His friend evaded his eye. “Brenda will be more than happy to look after the shop and Sprout for you.”
“Not so fast, buster,” said the woman behind the counter “And I’m Susan.”
Tach fixed her with a penetrant stare. After a momen
t she crumpled. “I, I guess I could.”
“But this chair,” Mark whined.
“Do you require assistance, Mistress Isis?” a voice asked from the rear of the store, deep and resonant like an alien gong. Durg at’Morakh bo-Isis Vayawand-sa emerged into the deli, a collector’s-item Steppenwolf tee shirt stretched to near explosion across his giant chest. He was limping, his cheeks puffy and bruised, but otherwise little the worse for wear. “I can carry you wherever you wish to go, Mistress.”
Mark’s drunkard’s flush deepened. “I wish you’d quit calling me that, man. My name’s Mark.”
Durg nodded. “As you wish, Mistress. If you wish to conceal your name from the envy of your weaker fellows as you conceal your form, I shall use your nom de guerre when there are groundlings present.”
“Jesus,” Mark said. For his part Tach was annoyed that the Morakh had managed to learn that Moonchild’s real name (whatever that meant) was Isis Moon, which was more than he knew. He was also more than slightly amused.
“Splendid,” he said, shifting his grip on his burdens. “You run upstairs and change, and I’ll meet you at the Palace.”
“Where’ll you be?”
“I’ve an appointment first.” Durg picked Mark up, wheelchair and all, and carried him up the stairs.
Sara Morgenstern’s face was flushed almost as deeply as Mark’s, here in the late-afternoon gloom of Tach’s office. “So you did it,” she breathed.
He was aware of the scent of her, sensed her excitement. He could barely contain his own. “It was simple,” he lied.

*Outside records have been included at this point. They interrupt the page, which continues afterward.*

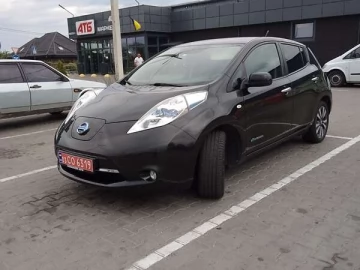 Авто Nissan Leaf 2014 № 7702635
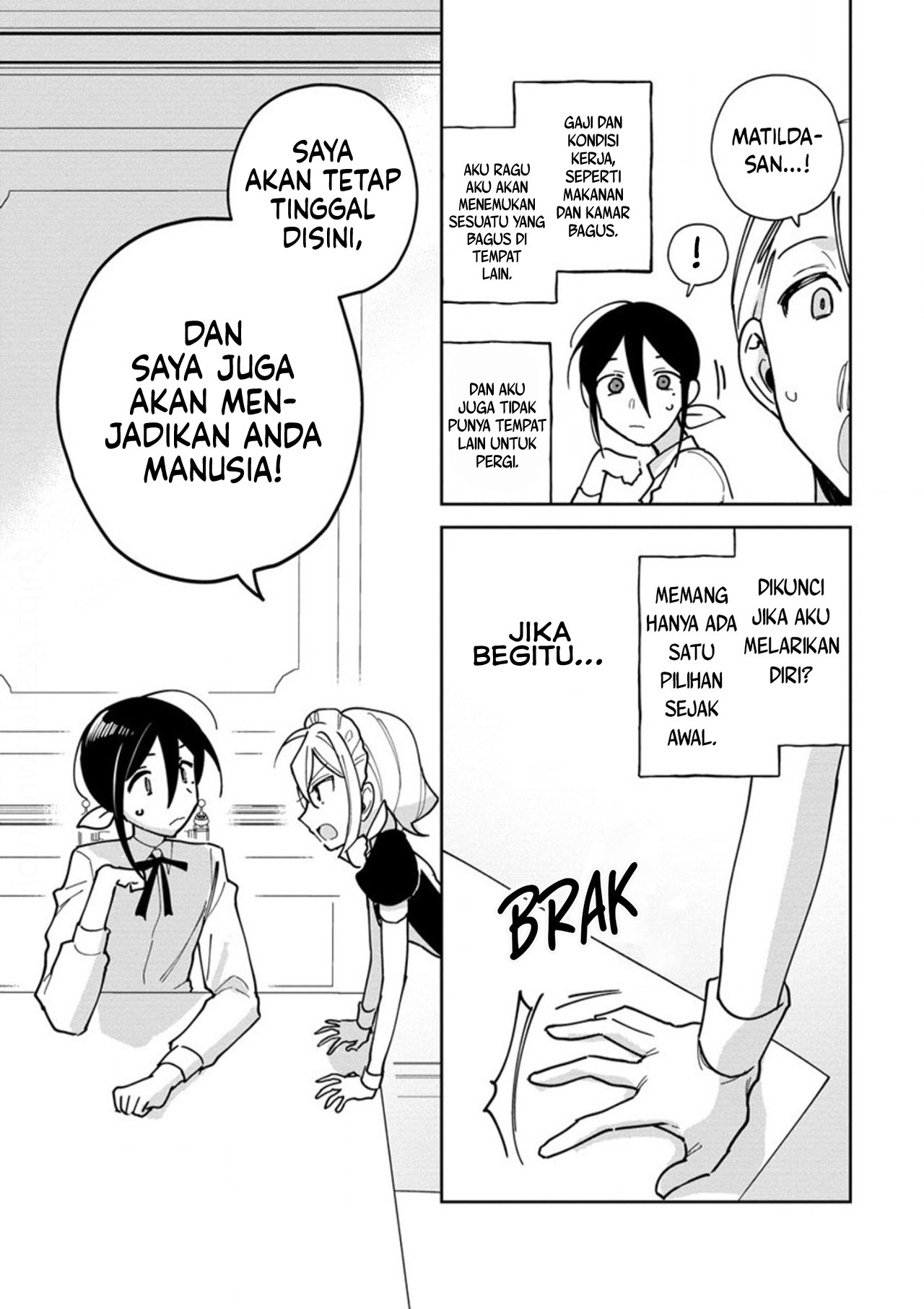 I Won't Let Mistress Suck My Blood Vol. 1 Ch. 2 第25页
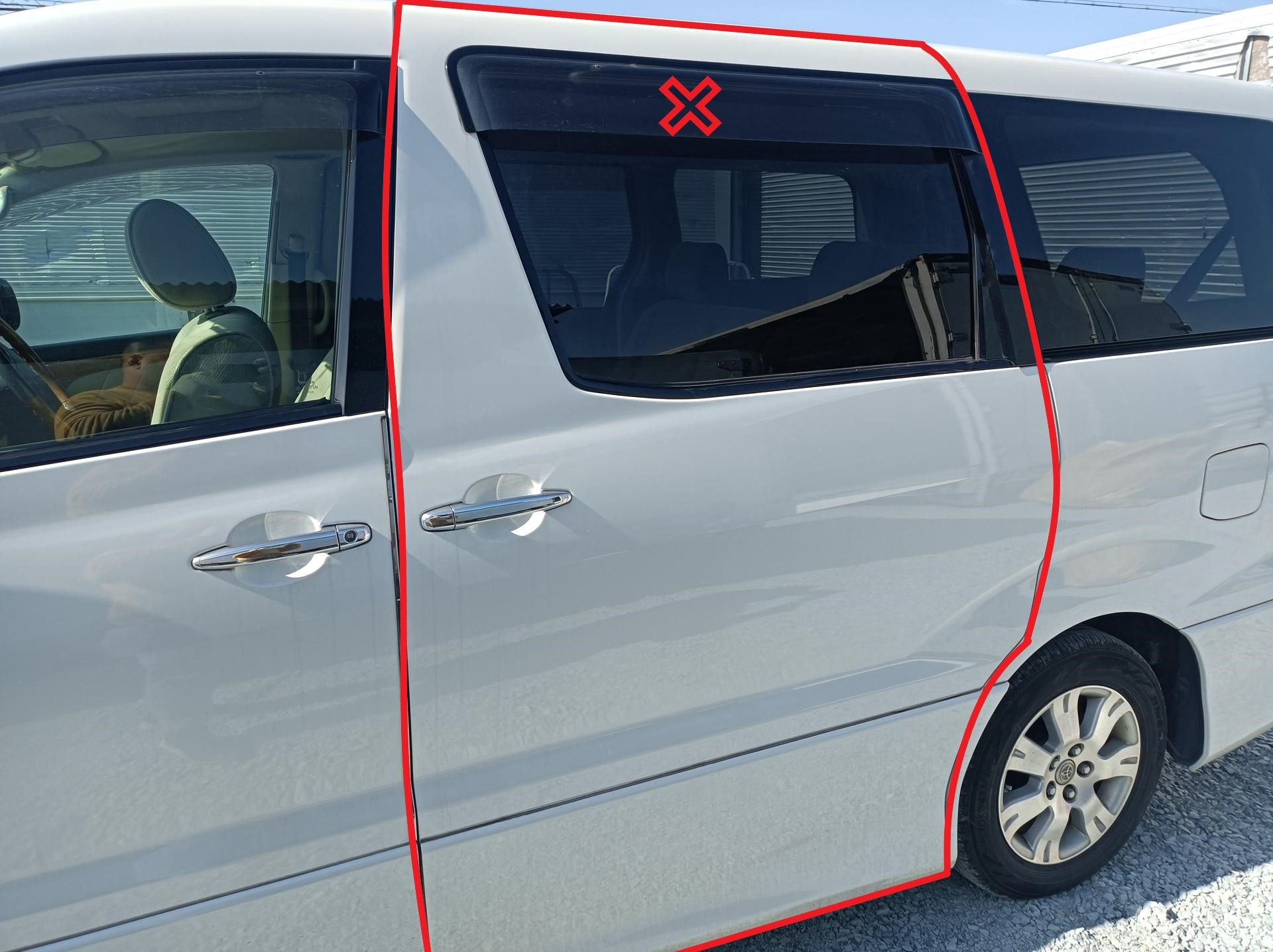 TOYOTA ALPHARD G 2006 DBA-ANH10W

“Tell me. How was the crime committed?”
He told her, with a minimum of embellishment, since concupiscence enjoyed a higher priority even than inflating his ego. And when he finished he saw to his amazement that her eager expression had collapsed on itself like a fallen soufflé.
“Aliens? It was aliens?” She could barely force the words out; her disappointment beat at his frontal lobes like surf.
“Why yes, new-stage swarmlings in league with my cousin Zabb. And that’s an important part of this story you will write, the danger posed by this new manifestation by the Swarm. Because this means the Mother’s not been content to go and leave this world in peace.”